In a significant development for cryptocurrency traders in Russia, the government is advancing a draft bill that will enable non-qualified investors to trade in digital assets starting in 2026. According to Anatoly Aksakov, head of the State Duma’s Financial Markets Committee, this legislation is set to reshape the landscape of crypto trading, making it more accessible to everyday citizens.
Under the new proposal, non-qualified traders will be permitted to invest up to 300,000 rubles, approximately $3,800, in cryptocurrencies. This limitation is designed to mitigate the risks associated with retail crypto trading while expanding access to digital currencies. Aksakov emphasized that the bill removes cryptocurrencies from the category of special financial regulation, paving the way for their broader acceptance in daily financial transactions.
The draft bill also aims to support international transactions involving digital assets, allowing for the use of Russian-issued tokens in foreign markets.

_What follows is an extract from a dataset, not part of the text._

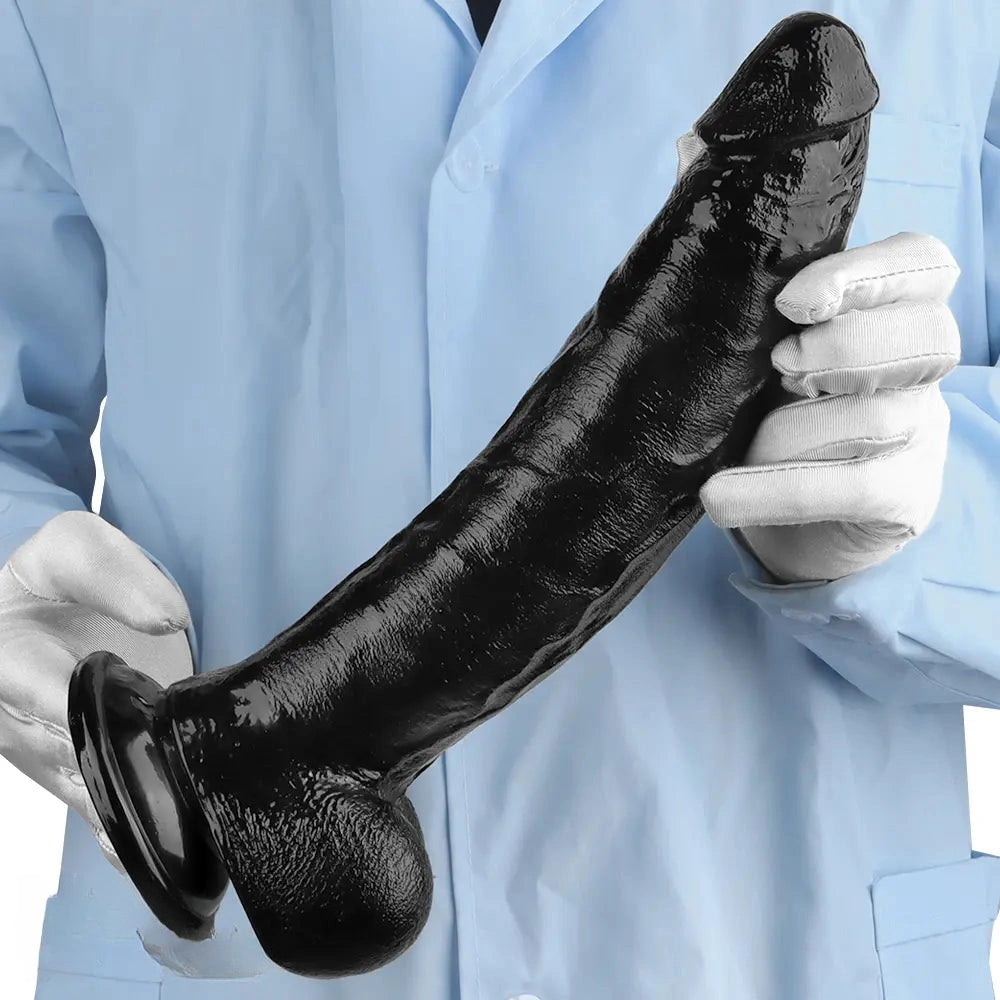 12.2in Big Black PVC Cock Dildo Suction Cup Hand-Free Play Gay Penis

Aksakov highlighted that this regulatory framework not only opens the door to domestic crypto markets but also encourages participation in cross-border settlements, signaling a progressive alignment with the global digital asset ecosystem.
As part of ongoing initiatives to foster regulated digital asset infrastructure, the Russian government is keen to balance market expansion with investor protection. Earlier reports indicated that the Bank of Russia is developing a risk-based model to regulate retail access to cryptocurrencies. This would necessitate that potential investors undergo a risk awareness test prior to engaging with digital assets.
Importantly, the Finance Ministry has stated that the strategy to limit retail participation aligns with a broader initiative to manage systemic financial risks. Minister Anton Siluanov reaffirmed that the government and the central bank are collaborating to create a framework that safeguards investors while facilitating market growth. Notably, the Bank of Russia maintains a strict prohibition on anonymous digital assets, including privacy coins, to ensure transparency and regulatory oversight.
Adding to the dialogue around digital assets, the Social Fund of Russia has reported an increasing number of inquiries from citizens about the potential for pensions to be distributed in cryptocurrencies. However, officials have clarified that, for the time being, all pensions will continue to be paid in rubles.
Meanwhile, Russia is actively progressing with its own national digital currency project, the digital ruble, which is set to be integrated into state financial systems with an expected full rollout by September 2026. This initiative aligns with the country’s broader ambition to enhance digital financial services and regulatory frameworks.
As lawmakers prepare for the spring parliamentary session, attention will turn to further regulations surrounding digital assets and cryptocurrencies. Aksakov and other financial authorities seek to clarify that cryptocurrencies will no longer be regarded as niche financial products. Instead, the new law aims to integrate digital assets into the overarching financial system, signaling a pivotal shift in their regulation and use within Russia.
With these developments, Russia is stepping into a new era of cryptocurrency trading, potentially transforming the engagement of retail investors with digital assets.